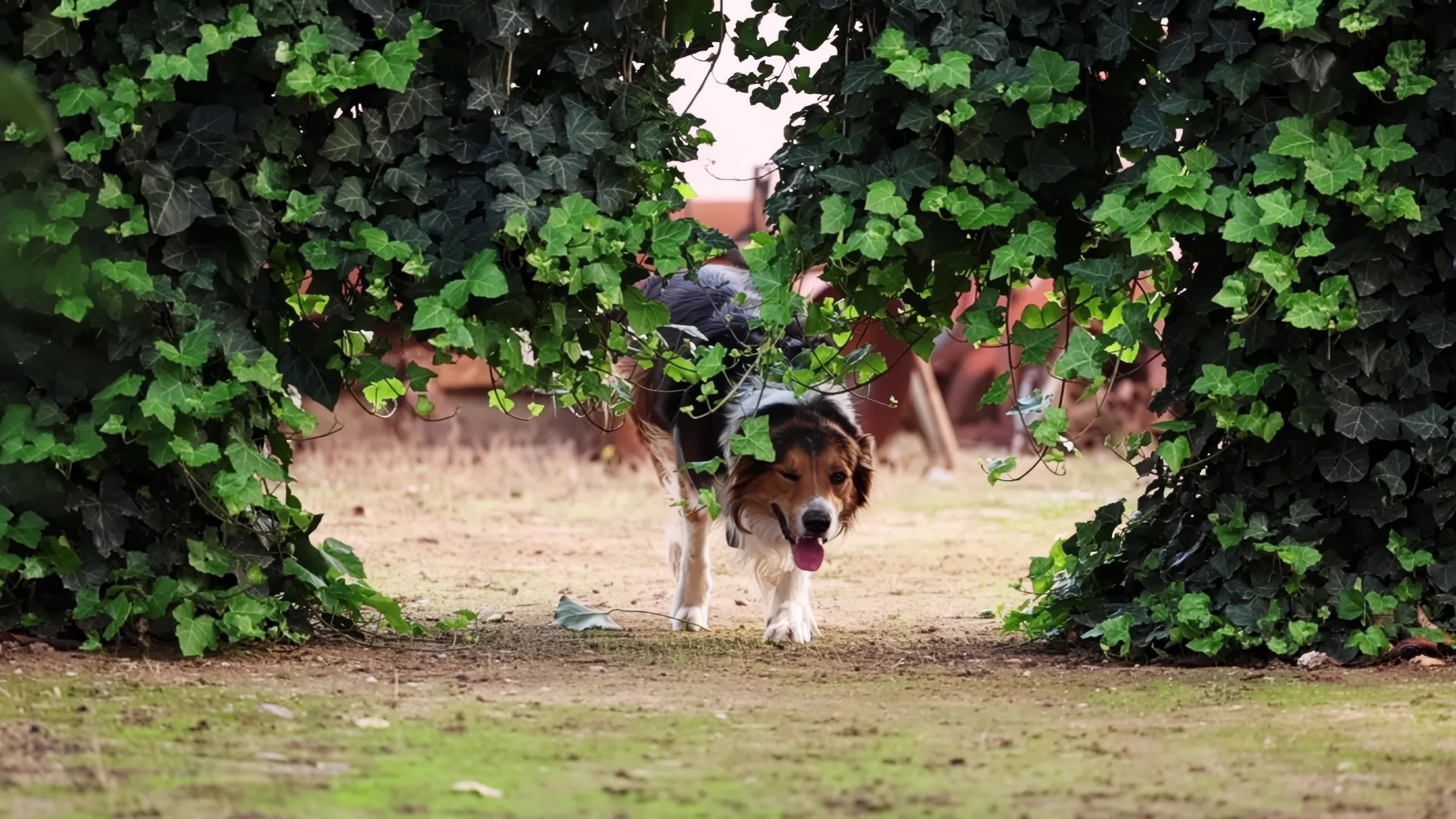 Slow Motion Video Of Border Collie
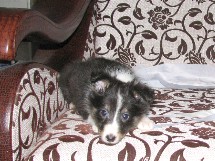 puppies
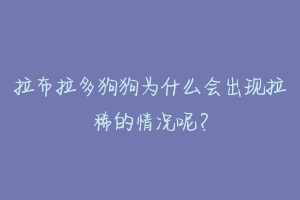 拉布拉多狗狗为什么会出现拉稀的情况呢?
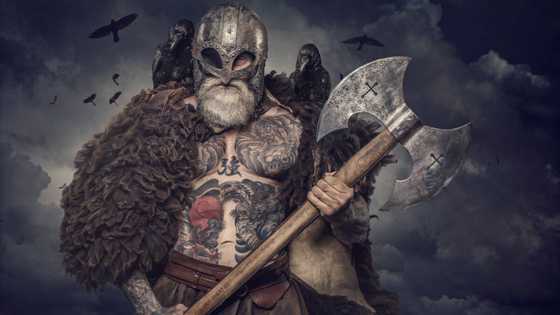 Voici Odin : le roi des Dieux de la mythologie nordique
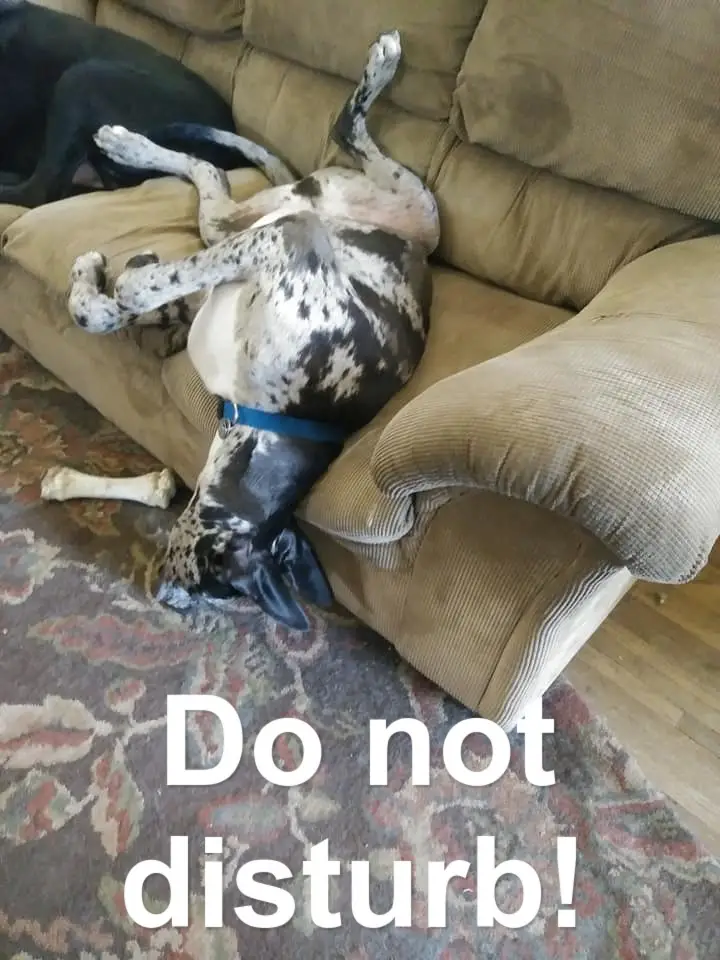 Great Dane lying on the couch with its head falling to the floor photo with text - Do not disturb!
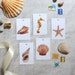 see more listings in the Tout section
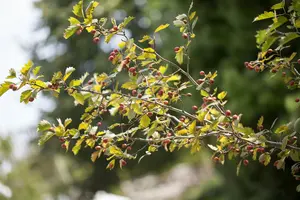 crataegus monogyna (250-300 cm) - afbeelding 2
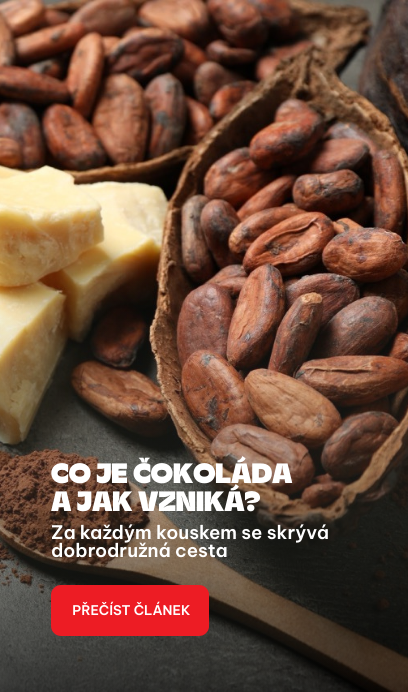 Co je čokoláda a jak vzniká? Článek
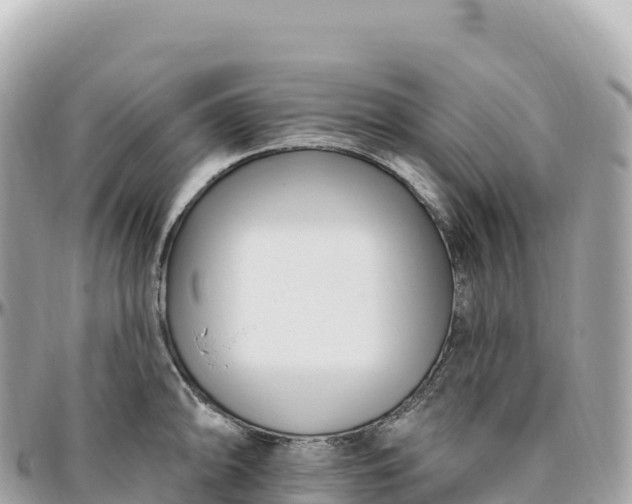 X0000095901094200801251219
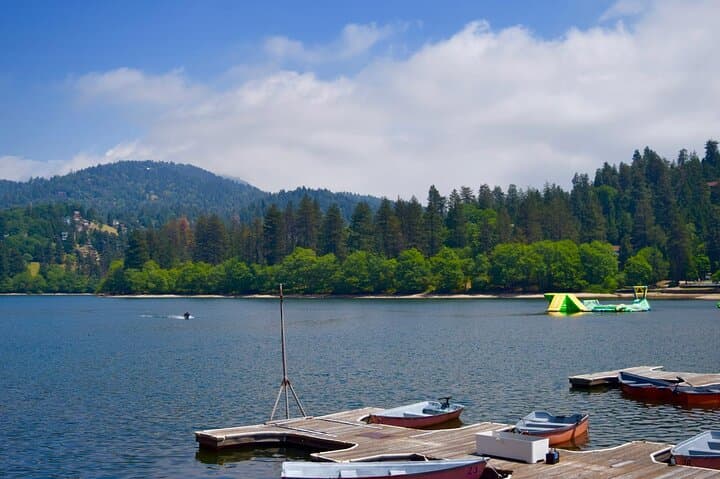 3-Day Kandy to Nuwara Eliya: Temple of the Tooth, Tea Estates & Botanical Gardens photo 3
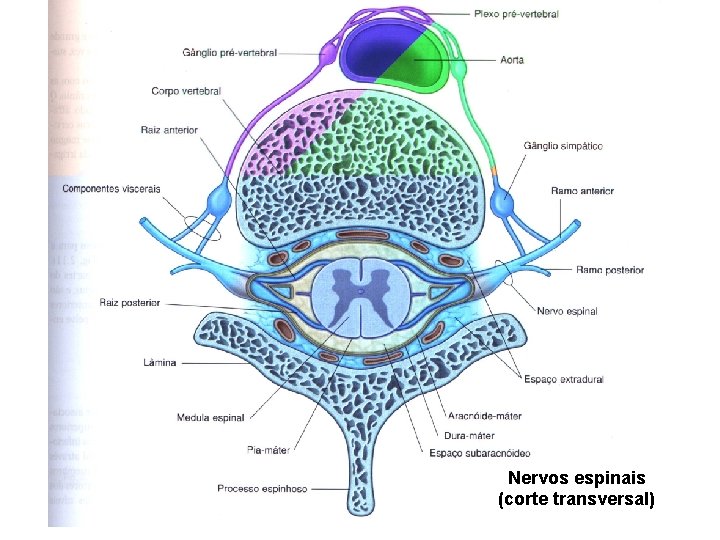 Nervos espinais (corte transversal) 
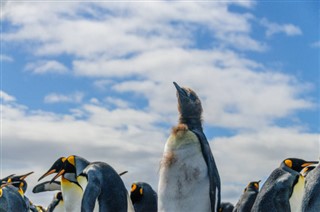 Falkland Islands weather forecast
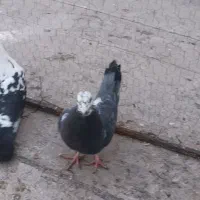 کفتر شهرستانی ۲۰۰تومان|پرنده|بومهن, |دیوار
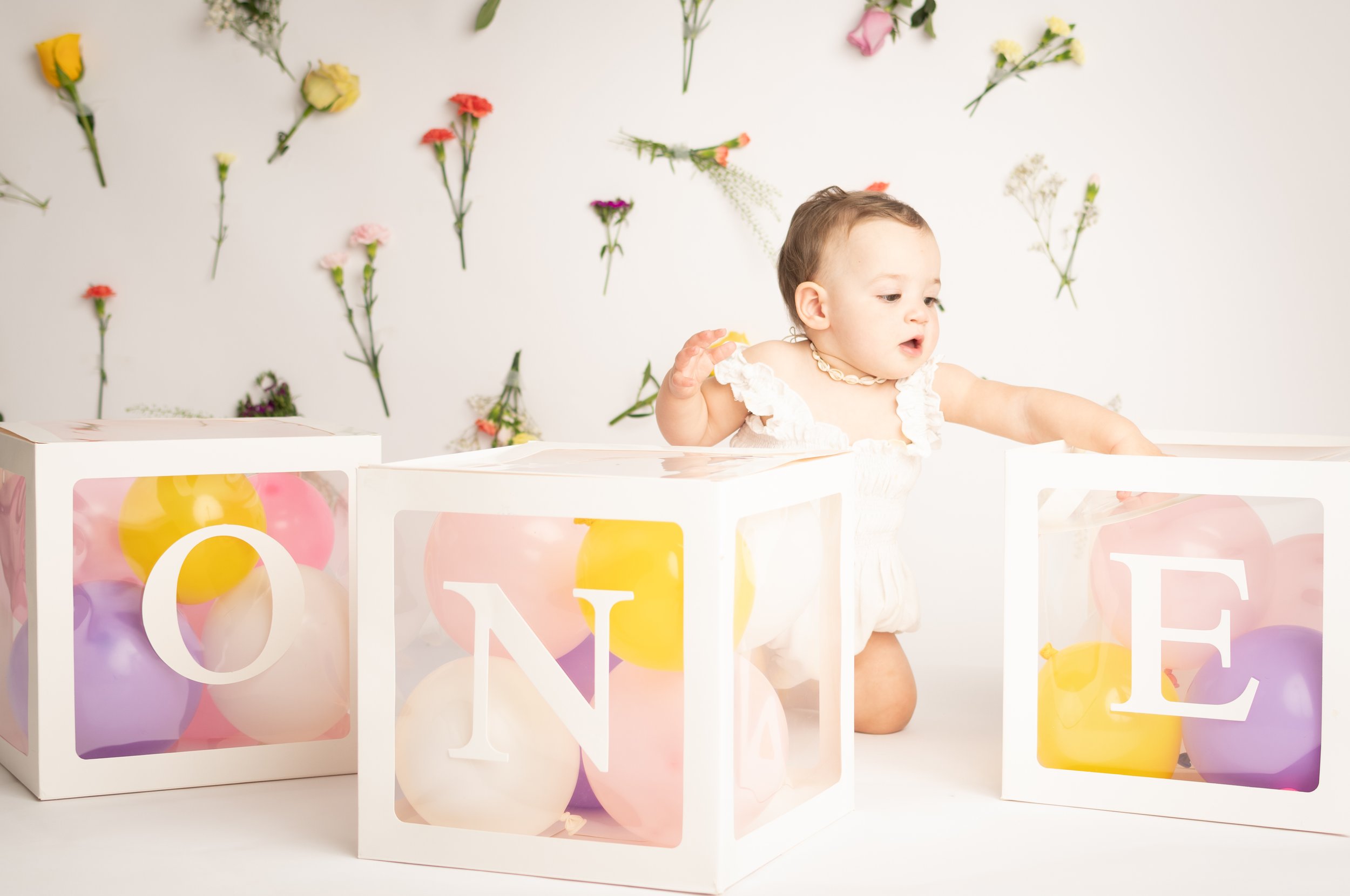 11-16-24 cakesmash 6404.JPG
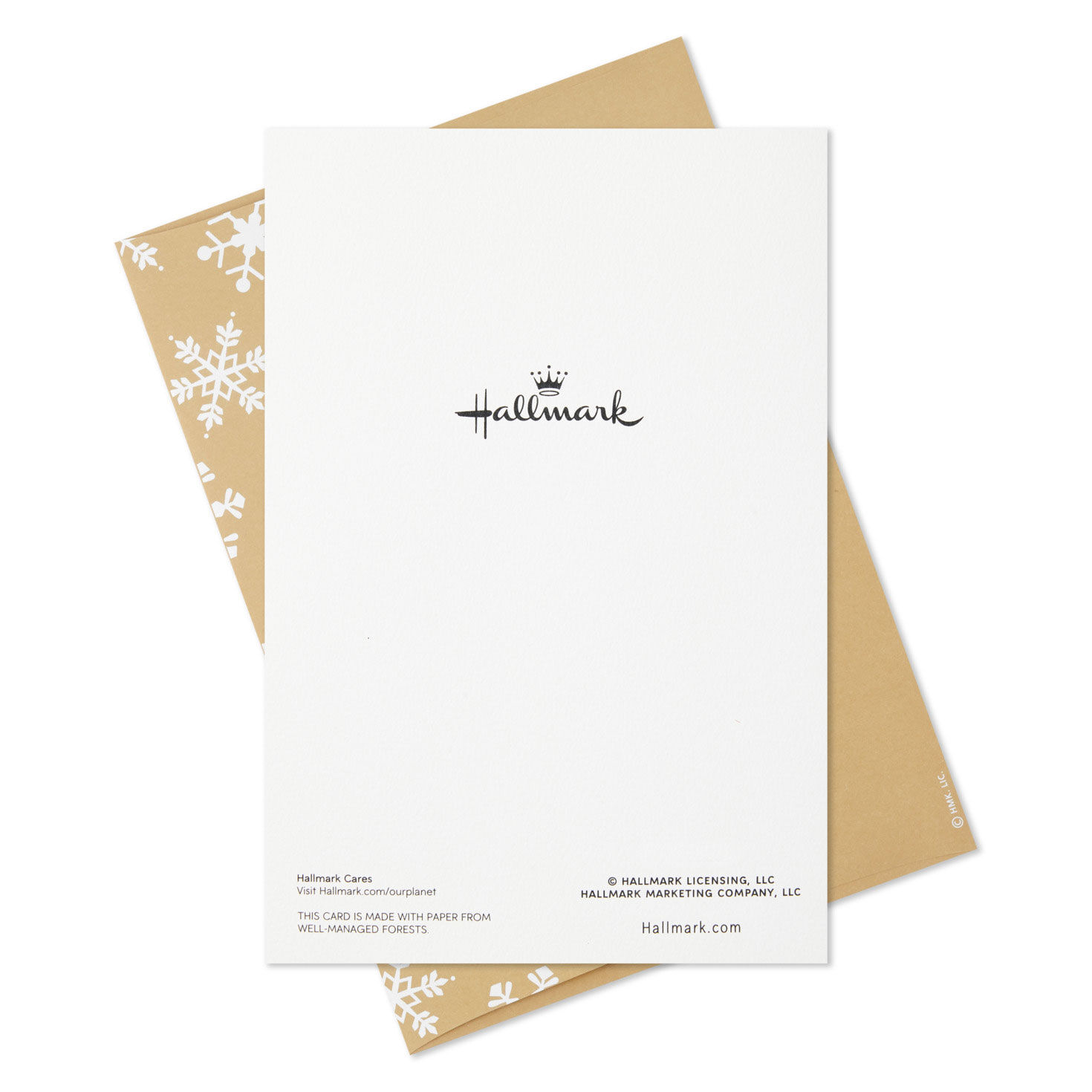 Evergreen Branches Greatest Gifts Boxed Christmas Cards, Pack of 12, , large image number 7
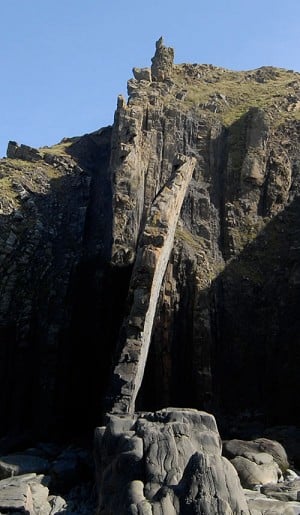 The slumping Middle Fin of Lower Sharpnose  © Mark Glaister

- Description of the task
Every line of the data should be copied as it stands, without the images.

- Exercise output
 Slow Motion Video Of Border Collie
 puppies
 拉布拉多狗狗为什么会出现拉稀的情况呢?
 Voici Odin : le roi des Dieux de la mythologie nordique
 Great Dane lying on the couch with its head falling to the floor photo with text - Do not disturb!
 see more listings in the Tout section
 crataegus monogyna (250-300 cm) - afbeelding 2
 Co je čokoláda a jak vzniká? Článek
 X0000095901094200801251219
 3-Day Kandy to Nuwara Eliya: Temple of the Tooth, Tea Estates & Botanical Gardens photo 3
 Nervos espinais (corte transversal) 
 Falkland Islands weather forecast
 کفتر شهرستانی ۲۰۰تومان|پرنده|بومهن, |دیوار
 11-16-24 cakesmash 6404.JPG
 Evergreen Branches Greatest Gifts Boxed Christmas Cards, Pack of 12, , large image number 7
 The slumping Middle Fin of Lower Sharpnose  © Mark Glaister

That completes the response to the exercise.